And so Wall Street wins again.
After we warned earlier that the SBA’s $350BN Paycheck Protection Program, which is expected to be launched at midnight tonight and is meant to bailout America’s small and medium business (<500 employees), may never even get off the ground because the proposed interest rate on the loan of 0.5% is too low lender banks (alongside with various other considerations as listed below) with JPM saying it “will most likely not be able to start accepting applications on Friday, April 3rd as we had hoped”, in a press conference late on Thursday, Steven Mnuchin said that he will double the interest rate on the SBA loan from 0.50% to 1.00% in order to appease banks seeking higher interest rates to participate in the Treasury’s bailout program and lend money to the same taxpayers who bailed them out 12 years ago.
These are same banks, mind you, that just sold all $1.6 trillion in securities to the Fed to expand their balance sheets capacity in the past three weeks, and which also just benefited from the Fed’s decision to remove Treasurys and deposits from the Fed’s SLR test, freeing up another $1.6 trillion in liquidity.

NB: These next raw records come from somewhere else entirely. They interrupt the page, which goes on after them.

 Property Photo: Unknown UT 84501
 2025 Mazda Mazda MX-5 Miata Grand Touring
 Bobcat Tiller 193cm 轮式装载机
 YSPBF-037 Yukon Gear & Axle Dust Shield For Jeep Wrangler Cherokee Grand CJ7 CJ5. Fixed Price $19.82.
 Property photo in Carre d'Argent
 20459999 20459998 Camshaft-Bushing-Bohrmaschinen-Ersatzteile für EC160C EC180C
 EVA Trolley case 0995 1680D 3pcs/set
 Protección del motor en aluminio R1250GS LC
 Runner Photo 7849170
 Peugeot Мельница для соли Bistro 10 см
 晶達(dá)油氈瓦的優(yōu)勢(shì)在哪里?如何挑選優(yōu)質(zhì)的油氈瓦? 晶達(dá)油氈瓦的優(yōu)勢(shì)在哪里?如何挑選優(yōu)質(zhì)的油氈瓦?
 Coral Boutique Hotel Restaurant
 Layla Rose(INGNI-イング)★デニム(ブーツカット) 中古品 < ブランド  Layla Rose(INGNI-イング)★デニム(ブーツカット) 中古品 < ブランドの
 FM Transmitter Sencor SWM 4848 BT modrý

Furthermore, these loans are guaranteed by the federal government and don’t require collateral, and will be forgiven if funds are used for payroll costs, mortgage interest, rent and utility payments for two months and if businesses retain and rehire employees. So bank don’t take any risk – why are they charging any interest at all, or rather why do they have any say in what the rate should be?
And yet, despite all this, these banks – which include JPMorgan Chase, Bank of America, Wells Fargo Citigroup, Truist Bank and PNC – which were bailed out in 2008 and again bailed out 3 weeks ago with the Fed’s various alphabet soup programs, couldn’t agree to give Main Street a helping hand, and instead of offering loans at a modest 0.5%, demanded no less than 1%, which is 75-100 bps above where they can borrow cash from the Fed. Because charging America’s middle class a record 17% credit card interest rate is not enough, and anything less than 1.0% on a loan that is explicitly backstopped by the Treasury would be uneconomical.